Take-offs and landings at Zurich airport were also affected, leading to delays of up to 45 minutes.
“The swift lifting of the reduction was possible after intensive discussions with the controllers associations and thanks to rapid deployment of the Skyguide care team,” said the agency in a statement.
A Bashkirian Airlines plane carrying a large number of Russian schoolchildren collided with a DHL cargo plane over Überlingen in southern Germany on July 1, 2002.
Swiss air traffic control gave confusing instructions to the Russian pilot, which contributed to the crash.

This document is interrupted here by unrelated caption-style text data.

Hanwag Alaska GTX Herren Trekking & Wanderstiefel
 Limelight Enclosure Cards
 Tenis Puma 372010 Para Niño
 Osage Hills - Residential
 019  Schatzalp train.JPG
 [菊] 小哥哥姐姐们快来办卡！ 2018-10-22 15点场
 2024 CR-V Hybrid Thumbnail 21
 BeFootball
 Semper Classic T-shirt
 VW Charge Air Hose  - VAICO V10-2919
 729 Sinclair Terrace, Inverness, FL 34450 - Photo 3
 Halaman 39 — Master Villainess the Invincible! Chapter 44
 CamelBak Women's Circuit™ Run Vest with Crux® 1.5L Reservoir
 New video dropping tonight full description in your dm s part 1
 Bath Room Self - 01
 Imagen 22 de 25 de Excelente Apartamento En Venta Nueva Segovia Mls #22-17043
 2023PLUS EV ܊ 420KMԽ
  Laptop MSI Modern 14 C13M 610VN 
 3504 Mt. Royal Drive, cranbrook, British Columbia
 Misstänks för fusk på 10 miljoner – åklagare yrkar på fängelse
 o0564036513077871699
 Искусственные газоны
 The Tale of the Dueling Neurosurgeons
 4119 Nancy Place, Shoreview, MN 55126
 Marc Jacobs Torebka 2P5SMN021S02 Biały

The Russian pilot followed the controller’s instructions to descend, despite onboard equipment telling him to climb, leading the aircraft to collide with the cargo plane, which was also descending.
A lawyer representing the parents of the dead said on Wednesday that his clients were distressed by news of a possible connection between the crash and the murder.
"We reject any violent act... The families do not want to be associated with this," said Gerrit Wilmans.
Network errors blamed
Two weeks after the tragedy, the unidentified controller admitted in a statement that network errors had been to blame.
The Federal Office for Civil Aviation moved him to other duties after a period of psychological treatment.
Skyguide later came under heavy criticism when it emerged that only one person was on duty during the night of the crash.
Late last year, the first compensation payouts reached a number of victims’ families after Skyguide negotiated an out-of-court settlement with some relatives.
Talks are continuing with the relatives of other victims over compensation packages.
The German authorities are still investigating the Überlingen tragedy; their report is expected later this year.
swissinfo with agencies
Police have arrested a suspect in connection with Tuesday's murder of an air traffic controller.
The unnamed victim was on duty the night of a midair collision between a Russian jet and a cargo plane, which killed 71 people in July 2002.
His confusing advice is thought to have caused the crash.
Police are not ruling out a link between the two incidents.
July 1, 2002: Bashkirian Airlines jet and DHL cargo plane collide in Swiss airspace, killing 71.
July 13, 2002: the air traffic controller on duty admits network errors were to blame.
June 2003: Switzerland, Germany and Skyguide agree to set up a compensation fund.
November 2003: a first round of compensation reaches the families of 12 Russian victims.
February 24, 2004: the air traffic controller on duty at the time of the crash is stabbed to death.